In 2004, fed up with his struggling existence in Mumbai, Ahmed moved to Delhi. When he got there, he found that all the sign painters there had been replaced by digital vinyl printing done by machines. Forced to start over again, he set up a street stand selling omelettes. “I managed to meet ends somehow by doing odd jobs, cutting corners on my food, my clothing, and somehow managing to get by,” he recalls.
Still keen to study art, he applied to the prestigious Jamia Millia Islamia university in Delhi, but was rejected due to his poor English. He studied hard to improve, and reapplied the following year. Finally, in 2008, he was accepted and enrolled. Though tuition was still a challenge.
Ahmed was earning barely enough money to get by with his omelettes, so when a juice seller asked him to paint a sign, he jumped at the offer. The sign was a hit among the local street sellers, and soon others were requesting signs of their own.

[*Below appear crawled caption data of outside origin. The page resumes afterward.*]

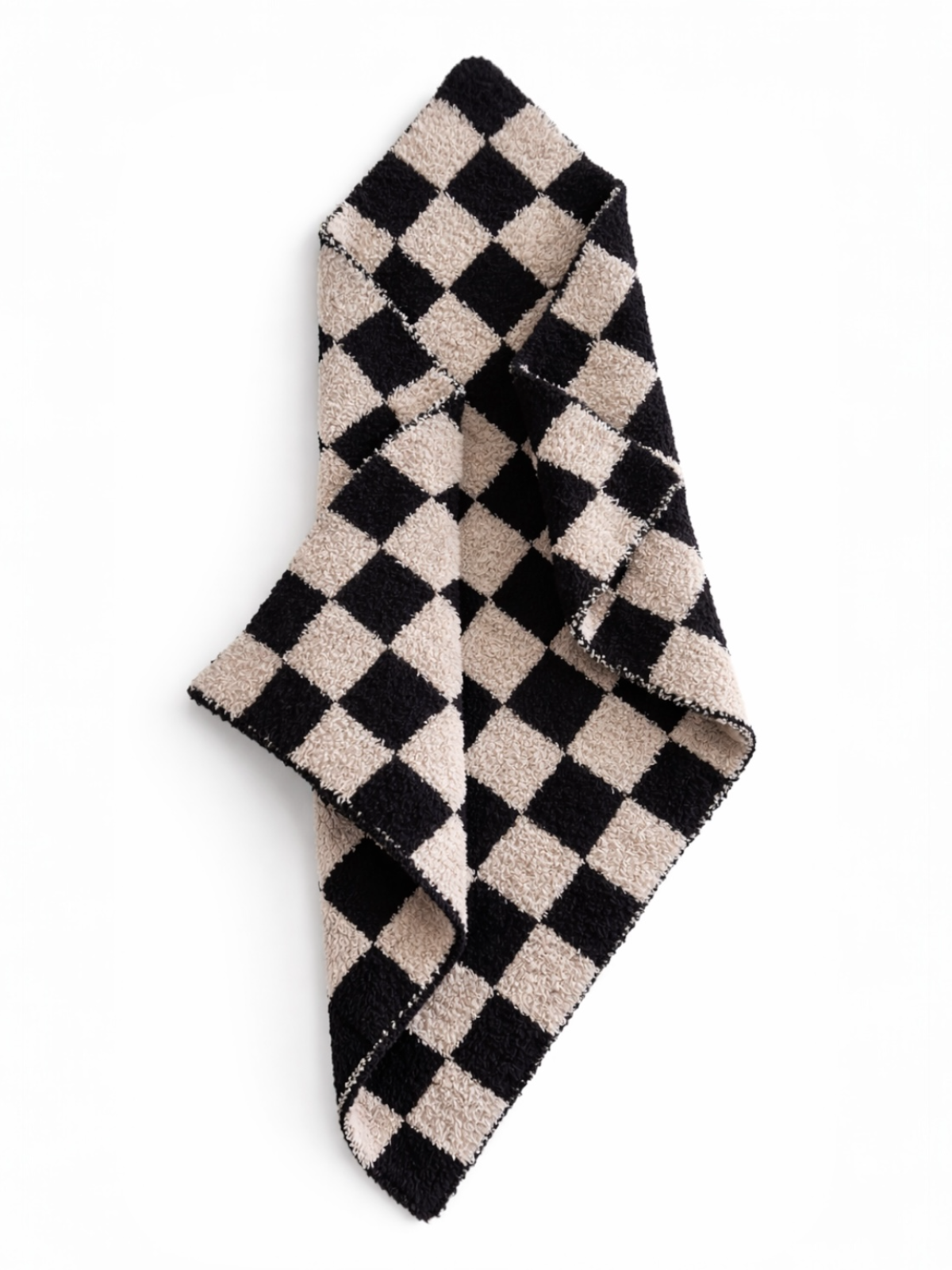 Black and beige checkered towel folded diagonally on a white background.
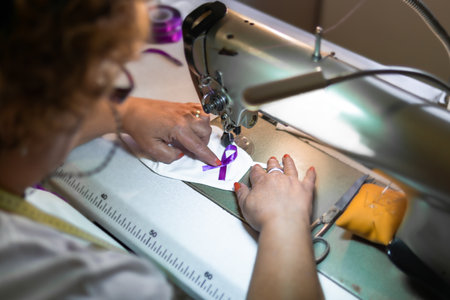 An adult female sewing a purple ribbon on a facemask in the workshop - COVID-19 awarenessの写真素材
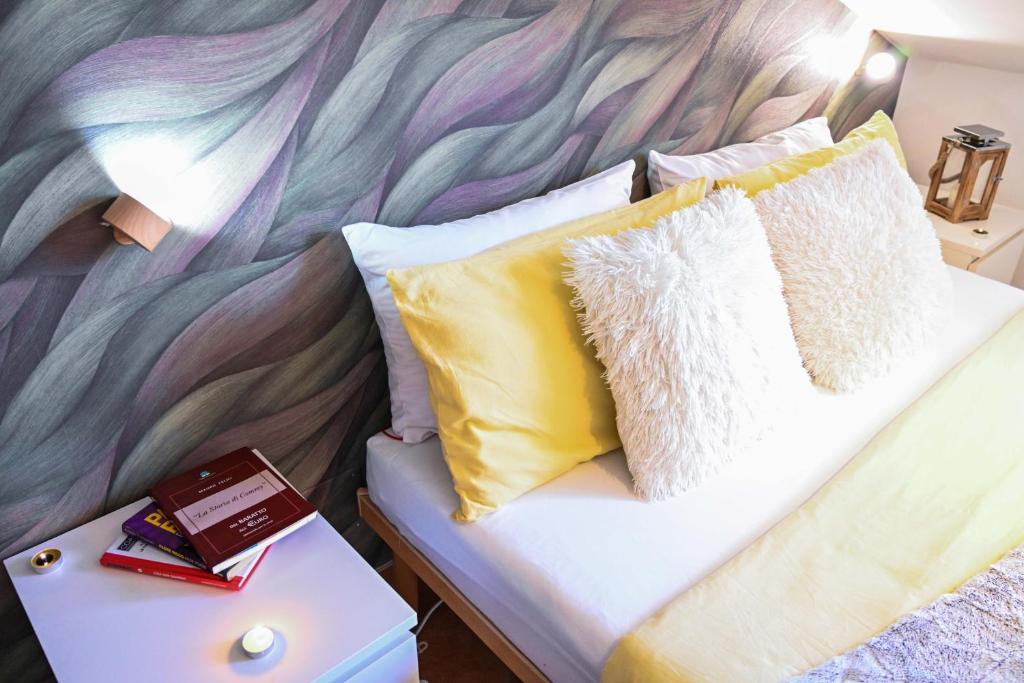Postel nebo postele na pokoji v ubytování A Casa di Lu' Elegant Rooms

Each night after closing his own stand at 10 p.m., Ahmed would paint until the early hours of the following morning, before returning to school at 8 a.m. for class. For a 6-by-3-foot sign, he earned around $50. Ahmed says he’s lost count, though estimates he’s made over a thousand of these signs, earning enough to cover his schooling at Jamia Millia Islamia.
After finishing school, Ahmed’s street signs would help him again. An advertising executive from a Delhi-based firm, Hanif Kureshi, had spotted one of Ahmed’s signs, and contacted the artist (who includes his phone number alongside his signature on all of his works). Kureshi became a mentor and patron to Ahmed and helped him get his first public commissions and inclusions in festivals. In 2014, Ahmed made his international debut at London’s Southbank Centre with a mural for the annual Alchemy festival.